━━━━━ Source records ━━━━━
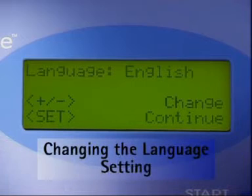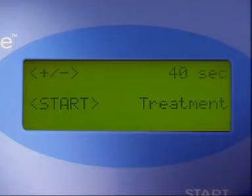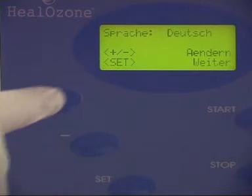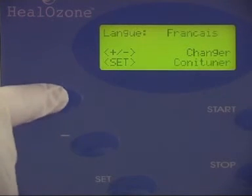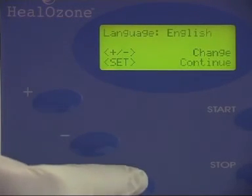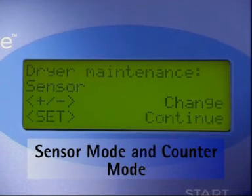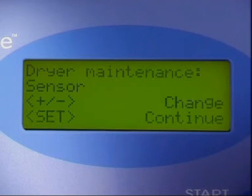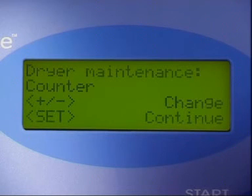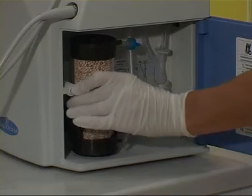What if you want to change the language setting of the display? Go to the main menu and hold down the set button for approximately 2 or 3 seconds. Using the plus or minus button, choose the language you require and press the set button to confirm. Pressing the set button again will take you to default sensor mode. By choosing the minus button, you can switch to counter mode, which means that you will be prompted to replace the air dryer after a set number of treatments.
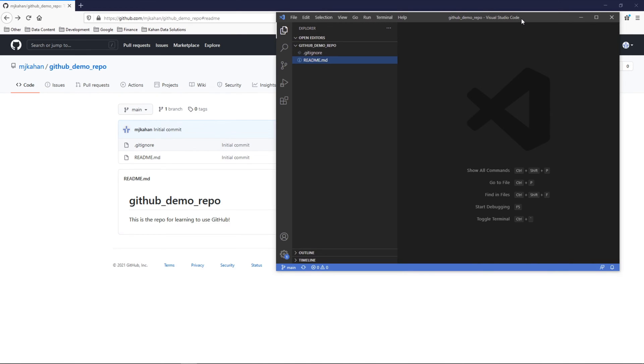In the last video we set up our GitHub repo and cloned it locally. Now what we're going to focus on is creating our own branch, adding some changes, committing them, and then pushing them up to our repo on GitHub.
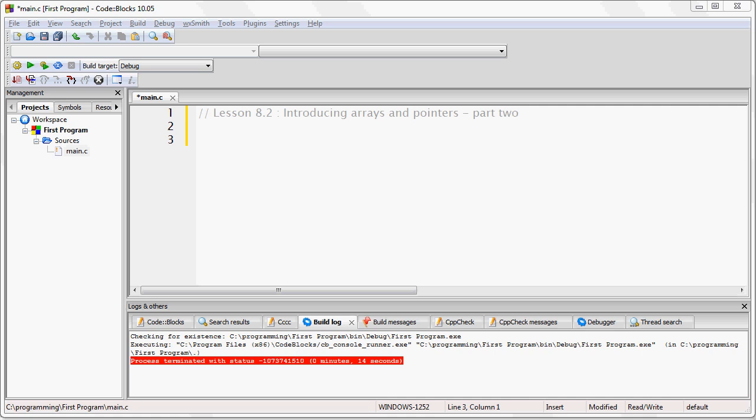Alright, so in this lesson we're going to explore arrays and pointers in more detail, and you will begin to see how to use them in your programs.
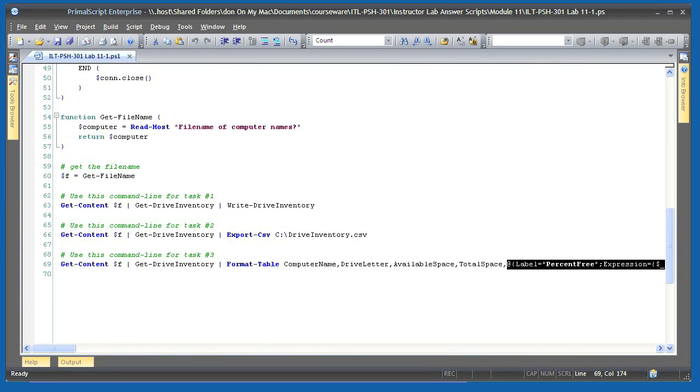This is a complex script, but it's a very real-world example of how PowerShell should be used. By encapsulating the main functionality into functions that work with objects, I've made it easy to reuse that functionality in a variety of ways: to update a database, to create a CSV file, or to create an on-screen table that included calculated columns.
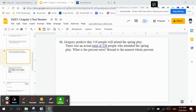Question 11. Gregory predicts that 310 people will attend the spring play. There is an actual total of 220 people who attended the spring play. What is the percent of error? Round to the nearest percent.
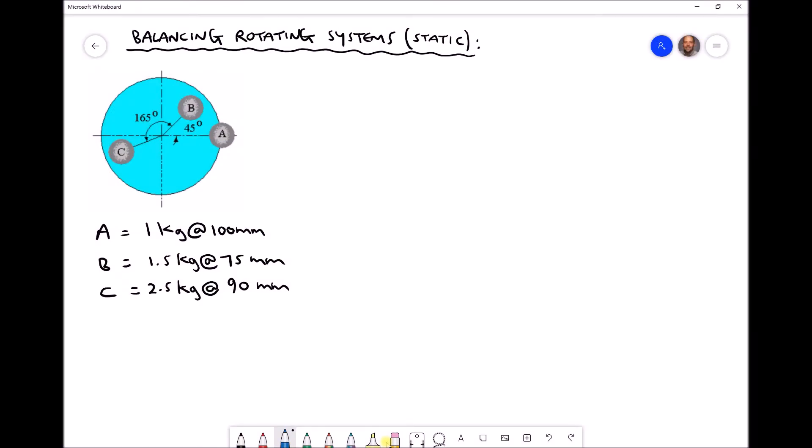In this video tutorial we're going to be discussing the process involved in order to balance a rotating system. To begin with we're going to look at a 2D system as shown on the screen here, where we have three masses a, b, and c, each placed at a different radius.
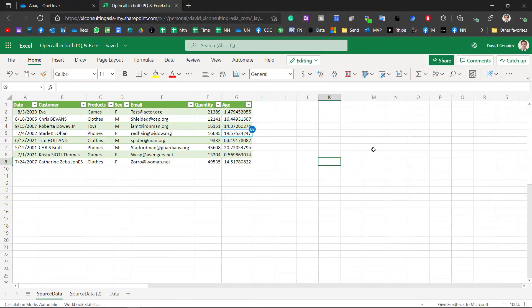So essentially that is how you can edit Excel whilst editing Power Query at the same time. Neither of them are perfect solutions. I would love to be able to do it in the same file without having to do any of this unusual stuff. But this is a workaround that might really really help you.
━━━━━
━━━━━ Source records ━━━━━
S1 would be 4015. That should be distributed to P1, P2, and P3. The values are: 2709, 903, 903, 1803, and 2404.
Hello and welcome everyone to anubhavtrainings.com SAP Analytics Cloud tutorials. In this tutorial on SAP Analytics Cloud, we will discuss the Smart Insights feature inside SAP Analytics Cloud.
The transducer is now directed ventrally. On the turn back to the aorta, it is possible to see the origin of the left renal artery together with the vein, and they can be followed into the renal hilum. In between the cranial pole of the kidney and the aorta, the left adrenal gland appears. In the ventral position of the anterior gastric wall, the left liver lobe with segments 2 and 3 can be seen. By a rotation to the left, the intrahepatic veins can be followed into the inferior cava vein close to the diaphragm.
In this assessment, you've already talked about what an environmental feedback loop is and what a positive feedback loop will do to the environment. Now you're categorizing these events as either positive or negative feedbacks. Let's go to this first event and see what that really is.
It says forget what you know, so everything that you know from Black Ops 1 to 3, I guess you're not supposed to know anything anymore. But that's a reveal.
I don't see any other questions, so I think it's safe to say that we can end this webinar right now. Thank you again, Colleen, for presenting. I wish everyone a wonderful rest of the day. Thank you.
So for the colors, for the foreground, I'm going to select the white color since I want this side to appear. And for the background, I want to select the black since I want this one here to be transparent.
━━━━━
What the task requires => From the records above, repeat exactly the lines from the one with "It says forget" through the one with "So for the colors, for", both included.

Worked solution =>
It says forget what you know, so everything that you know from Black Ops 1 to 3, I guess you're not supposed to know anything anymore. But that's a reveal.
I don't see any other questions, so I think it's safe to say that we can end this webinar right now. Thank you again, Colleen, for presenting. I wish everyone a wonderful rest of the day. Thank you.
So for the colors, for the foreground, I'm going to select the white color since I want this side to appear. And for the background, I want to select the black since I want this one here to be transparent.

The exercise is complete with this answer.